Task directions:
In your copy, each line below is repeated exactly and no image appears.

Data extract:
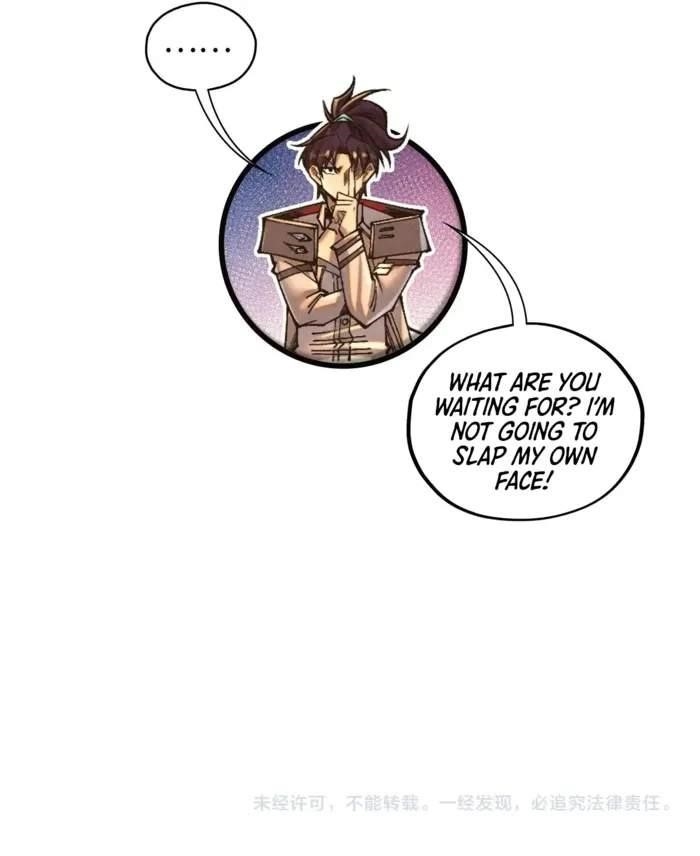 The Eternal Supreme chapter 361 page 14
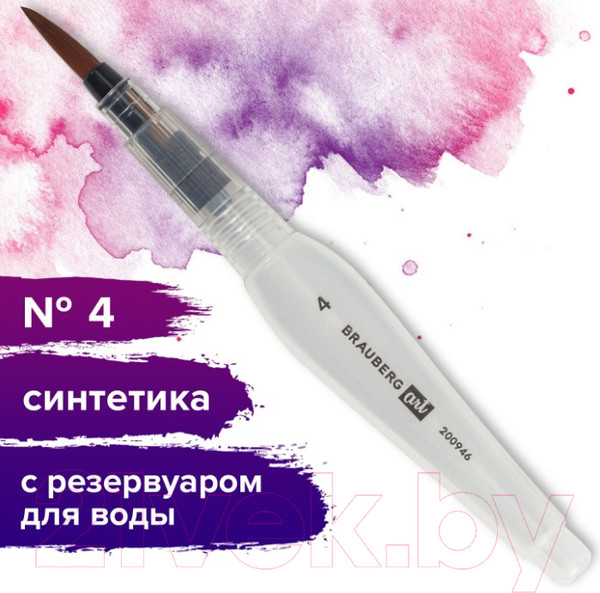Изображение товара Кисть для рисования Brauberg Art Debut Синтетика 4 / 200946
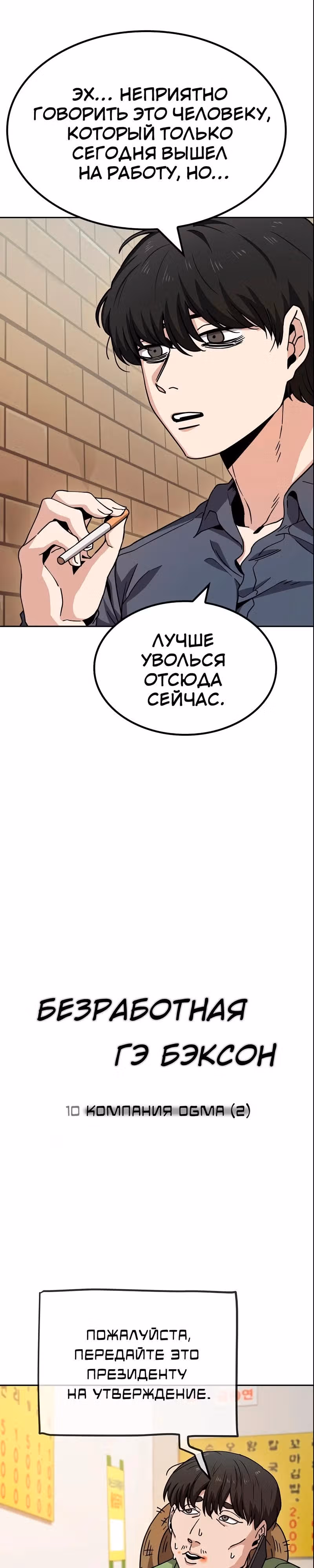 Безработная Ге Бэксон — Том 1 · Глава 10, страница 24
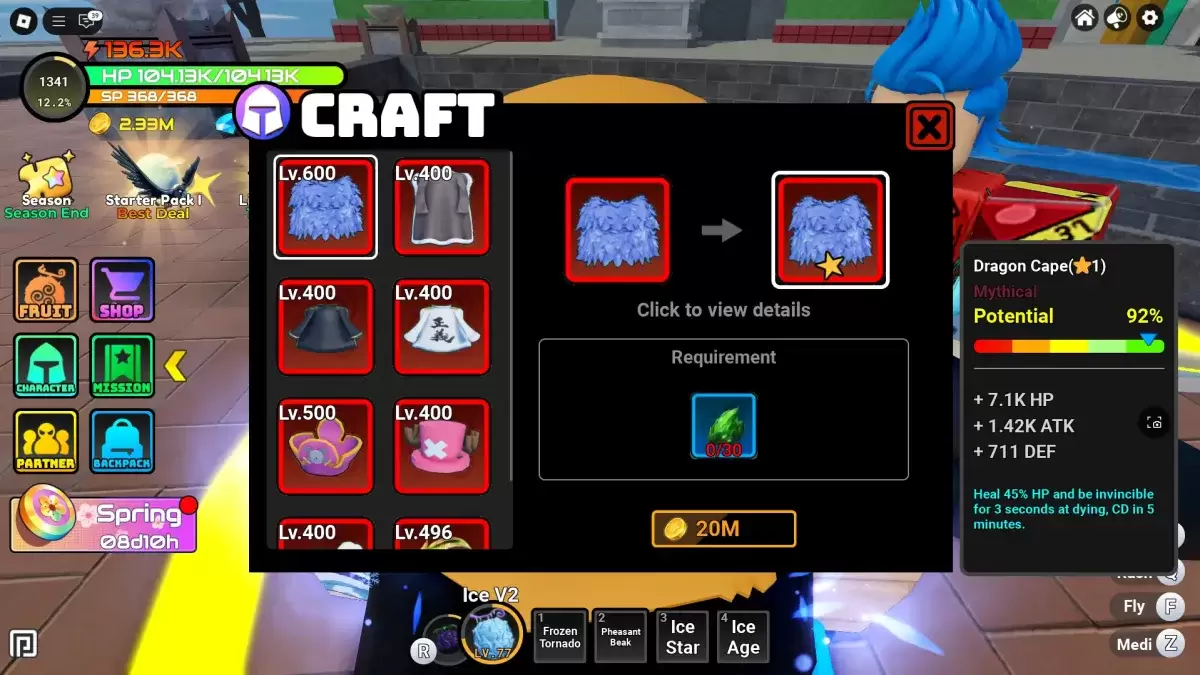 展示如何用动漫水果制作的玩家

Task response:
 The Eternal Supreme chapter 361 page 14
Изображение товара Кисть для рисования Brauberg Art Debut Синтетика 4 / 200946
 Безработная Ге Бэксон — Том 1 · Глава 10, страница 24
 展示如何用动漫水果制作的玩家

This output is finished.